Burial - Rival Dealer
Release Date: December 11, 2014
Burial's releases always seem like an event. That's probably because William Bevan, the man behind the beloved electronic music producer Burial, doesn't like to release things with much notice. Late last year, Burial Released Truant/Rough Sleeper out of nowhere, after having already released the behemoth of an EP in Kindred earlier in the year. This year, Bevan has once again hit us with a late year surprise and released Rival Dealer just in time for (almost) every major music publication in the world to regret publishing their end of the year lists so early.
Those new to the electronic genre may be wondering when exactly we're going to be getting a proper follow up to Burial's last full length album Untrue, but Burial himself has proven the potential of the EP in recent years. Each of Burial's EP's following Untrue (Street Halo, Kindred, Truant/Rough Sleeper) all feature work that is just as good as if not better than that found on Untrue. More importantly, Burial's tracks have turned into mini-epics with several spanning beyond the 10-minute mark, crafting 2-step and garage beats that duck and weave between atmospheres and spaces as voices cry from the shadows. This is what has become known as “the Burial formula.” On Rival Dealer, however, noticeable changes are made to this formula. The title track kicks things off with a familiar formula, with ghostly vocal samples and static noise building into a beat that kicks off, and from there things start to feel a little less familiar than they have in the past.
“Rival Dealer” features one of the most uptempo beats of Burial's yet, and the blaring sirens that cry off in the distance are the closest he's gotten to a rave sound since “Street Halo.” Things twist and turn as expected with your longer Burial tunes, and abrupt stops and crackles and pops and hisses and clacks all penetrate through the dense atmosphere laid on by the vocal sample and drum beat. Once things slow down and all that's left is a foggy synth and a sound clip of a voice muttering the name of the last track (“Come down to us”), things lead right into “Hiders,” one of the most divisive Burial songs yet. It's the closest thing to a happy song that Burial has released, and the synth-pop beat that breaks out over two minutes in is sure to raise more than a few eyebrows. It's a massive deviation from the Burial sound, but it proves that he's an artist who is willing to break down the boundaries of a sound that he himself built up.
Ultimately, “Hiders” is meant to function as a buffer track between the two longer pieces here, and the final track “Come Down To Us” caps off the EP with another one of the most experimental Burial songs yet. Things start off slow and build into a beat that has a very heavy hip-hop/R&B influence, a completely new territory for Burial. As always, though, a lot of the Burial trademarks appear here, with your usual chopped vocal samples and shimmering synths and disruptions in the audio to give his songs an unmatched thickness and distinction that sets him apart. The song also builds up and strips down and builds up and is constantly in a state of forward motion, even if the last musical passage sounds something like jumping off of a waterfall into pure spring water.

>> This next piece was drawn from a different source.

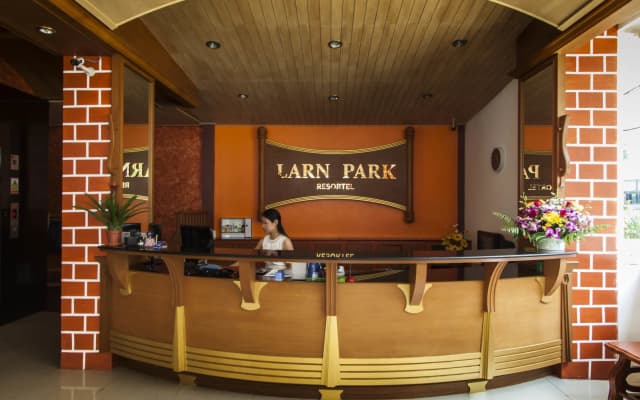 Larn Park Resortel - photo 2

Once that passage ends though, there's total silence before one of the most important pieces of the Rival Dealer puzzle reveals itself. To close out the EP, Burial uses a clip of transgender director Lana Wachasowki's speech from the 2012 Human Rights Campaign gala to really get across the message of the release. Throughout the rest of the EP there are a lot of themes that pop up; the first words uttered on the title track are “This is who I am” and the main vocal sample promises “I'm gonna love you more than anyone,” another clip states “It's about sexuality, it's about showing a person who you are—to me, this is who I'm about,” and at the beginning of “Come Down To Us” a scared voice cries out “Excuse me, I'm lost.” But it's the last segment from Wachowski's speech that really resonates at the end: “Without models, without examples, I began to believe voices in my head, that I was a freak, that I am broken, that I will never be loveable. Years later, I find the courage to admit that I am transgendered, and this does not mean that I am unlovable.”

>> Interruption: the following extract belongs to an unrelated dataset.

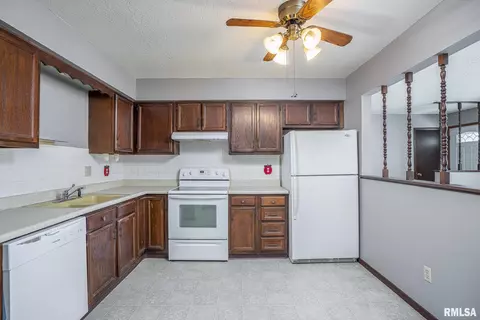 4319 26th Ave, Moline, IL 61265 photo 9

It's easy to speculate if any of this has personal significance to William Bevan himself. Perhaps its his form of coming out, or perhaps its just his way of putting himself behind a cause he believes in. Its unlikely that anyone will ever know for sure. One thing is clear though: Rival Dealer has a very simple message at its core, one that we're all taught but one that many of us forget from time to time. That message is to love yourself. Rival Dealer explores the struggles with and the importance of self-acceptance. We all get down on ourselves, but at the end of the day, you are who you are and its okay to be proud of it. Bevan himself said it best in his message about the EP: “I wanted the tunes to be anti-bullying tunes that could maybe help someone to believe in themselves, to not be afraid, and to not give up, and to know that someone out there cares and is looking out for them.”
Great review! This was an incredibly nice surprise to wake up to. Burial is by far my favourite electronic artist. Come Down To Us I think is now my second favourite track from him, my first is still Fostercare.
His most underwhelming release to date. The first segment of 'Come Down to Us' is quite nice. The rest, though feels disjointed and dull. I like his intentions behind this EpP but the music doesn't grab me like it usually does.